Other sources have told NGW that Eustream needs to find more gas to transport, as its only major customer is Gazprom, contracted to ship 50bn m³/yr through Slovakia until 2028, and it is not clear that it will pay the full amount after 2019 when the 27.5bn m³/yr Nord Stream 2 line is due to come on line. 

Gazprom has said it will send gas though the western part of Slovakia and into Baumgarten in Austria, once the Eugal line is built – this will run mostly alongside Opal, from northern Germany to Baumgarten. 

Gazprom is preparing to close down most of the compressor stations in western Russia that are now needed to pump gas through Ukraine – what Ukraine calls Direct Stream – leaving just enough capacity for 15bn-20bn m³/yr. 

Continued US support for European energy security 

As for the other side of the Atlantic, a US State Department energy specialist Mary Warlick, said the Trump administration was firmly committed to the US’ ongoing support for European energy security. 

“While good progress has been made, I think it’s also fair to acknowledge that there’s more work that needs to be done – there’s still a significant number of countries that remain heavily dependent on one particular supplier of gas, and in energy security terms, that remains a risk and a vulnerability,” she said.

The US, she added, remains committed to working with EU member states on the kinds of interconnection projects that the EU is supporting, that member states see as ways in which they can better secure their energy security.
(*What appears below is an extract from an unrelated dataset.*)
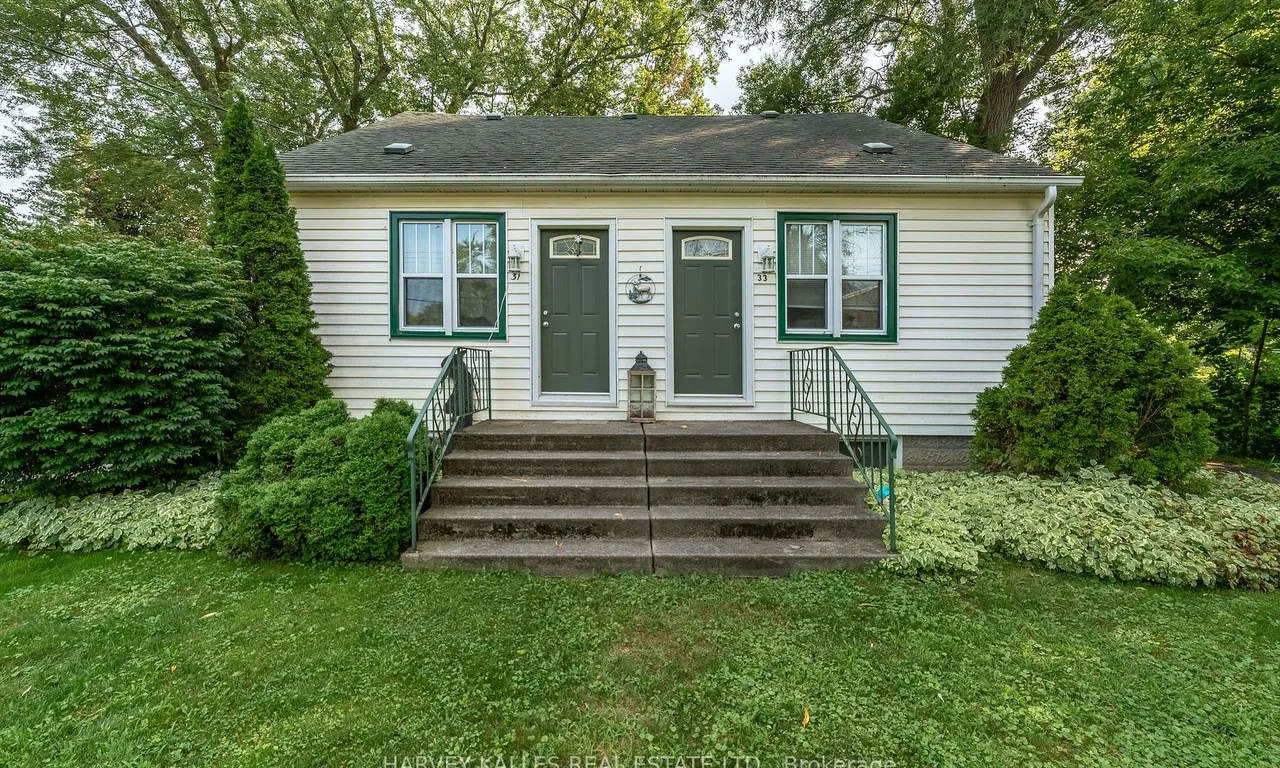 31- 33 Washburn St, Prince Edward County, ON K0K 2T0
She said: “Certainly, the LNG terminals that have been built in recent years by Lithuania and Poland I think are important infrastructure elements that are adding to the kinds of options that Europe will have in addressing a more diversified energy approach. 

But pipeline interconnections that have been advocated and that we see moving forward, the Southern Gas Corridor and the components of that are very important in terms of bringing into Europe new supplies of gas from a new source.”

Concerns remain, added Warlick, about projects like Nord Stream II, which was also discussed – and for the most part, critically – by the session’s participants.